§ Your objective:
Copy down every line of the data that follows exactly. Omit the pictures.

§ Collected material:

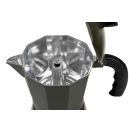Fox Cookware Espresso Maker kávéfőző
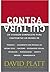 Contracultura: Um Chamado Compassivo Para Confrontar Um Mundo de Pobreza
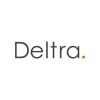 Deltra Group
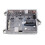 For  M365/Pro/Pro 2 V3.0 Controller Electric Scooter Accessories Controller M365 Pro Pro2 Motherboard Controller 1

§ Written answer:
Fox Cookware Espresso Maker kávéfőző
 Contracultura: Um Chamado Compassivo Para Confrontar Um Mundo de Pobreza
 Deltra Group
 For  M365/Pro/Pro 2 V3.0 Controller Electric Scooter Accessories Controller M365 Pro Pro2 Motherboard Controller 1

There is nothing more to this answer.